Später überraschte Takaichi Macron, indem sie einen Teil der Kamehameha-Pose vorführte – eine markante Attacke aus Dragon Ball. Der französische Präsident imitierte die Geste umgehend, was bei beiden für Lacher sorgte. Die spielerische Szene unterstrich die kulturelle Verbundenheit der beiden Länder.

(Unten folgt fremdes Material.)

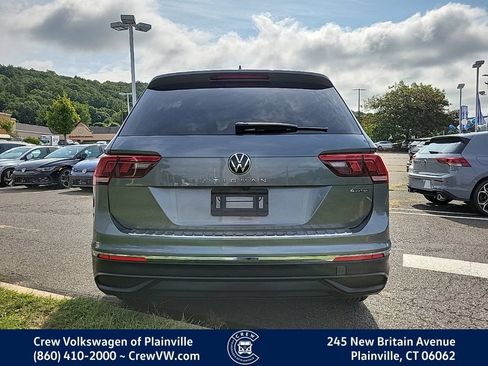 Used 2024 Volkswagen Tiguan S AWD/4WD image 28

Dragon Ball, erschaffen von Akira Toriyama, zählt bis heute zu Japans ikonischsten Franchises. Die Serie umfasst Manga, Anime, Filme und Videospiele und prägt seit Jahrzehnten die globale Popkultur.
Das Tokio-Treffen verband Diplomatie mit kulturellem Austausch. Macrons und Takaichis gemeinsame Pose ging viral und setzte einen heiteren Akzent inmitten gewichtiger politischer Debatten. Unterdessen wies die EU-Außenbeauftragte Kaja Kallas in einer separaten Stellungnahme auf Russlands aggressive Geschichte hin: Das Land habe im vergangenen Jahrhundert mindestens 19 Staaten angegriffen – ohne afrikanische Länder mitzurechnen.